Es posible que su ministerio despierte simpatías para él, para la iglesia, para
el formulismo y las ceremonias; pero no logra acercar a los hombres a Dios, no
promueve una comunión dulce, santa y divina. La iglesia ha sido retocada, no
edificada; complacida, no santificada. Se ha extinguido la vida; un viento
helado sopla en el verano; el suelo está endurecido. La ciudad de Dios se
convierte en una necrópolis; la iglesia en un cementerio, no en un ejército
listo para la batalla. No hay alabanzas, ni plegarias, ni culto a Dios. El
predicador y la predicación han prestado ayuda al pecado y no a la santidad; en
vez de poblar el cielo han poblado el infierno.
La predicación que
mata es la predicación sin oración. Sin la oración el predicador crea la muerte
y no la vida. El predicador que es débil en la oración es débil también para
impartir el poder vivificador. El predicador que ha dejado de considerar la
oración como un elemento importante y decisivo en su propio carácter, ha
privado a su predicación del poder de dar vida. No falta la oración
profesional, pero está apresurada la obra mortal de la predicación. La oración
profesional enfría y mata al mismo tiempo la predicación y la plegaria. Gran
parte de la falta de devoción y reverencia que muestran las congregaciones
cuando se ora, puede atribuirse a la oración profesional en el púlpito. Las
oraciones en muchos púlpitos son largas, argumentadoras, secas, vacías. Sin
unción y sin espíritu caen como una helada sobre todo el servicio. Son
oraciones que matan. Bajo su aliento desaparece todo vestigio de devoción.

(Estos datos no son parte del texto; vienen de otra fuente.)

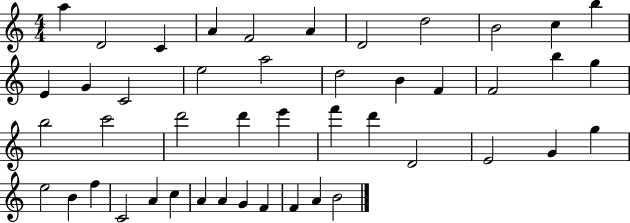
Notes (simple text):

Cuanto más muertas son, tanto más largas se hacen. Lo que necesitamos son
oraciones cortas, vivas, que salgan del corazón, inspiradas por el Espíritu
Santo, directas, específicas, ardientes, sencillas, y reverentes. Una escuela
para enseñar a los predicadores a orar como a Dios agrada, sería de más
provecho para la verdadera piedad, para el culto y para la predicación que todas
las escuelas teológicas.
Detengámonos un
momento. Consideremos. ¿Dónde estamos? ¿Qué es lo que hacemos? ¿Predicamos y
oramos de tal manera que damos muerte? Oremos a Dios, al gran Dios hacedor de
todos los mundos, al Juez de todos los hombres. ¡Qué reverencia! ¡Qué
simplicidad! ¡Qué sinceridad! ¡Cuánta verdad se demanda en lo íntimo del
corazón! ¡Cuán sinceros y entusiastas debemos ser! La oración a Dios es la
ocupación más noble, el esfuerzo más elevado, el objeto más real. ¿No
descartaremos para siempre la predicación y la oración que matan,
sustituyéndolas por las que dan vida y poder, por las que abren a la necesidad
y miseria del hombre los tesoros inextinguibles de Dios?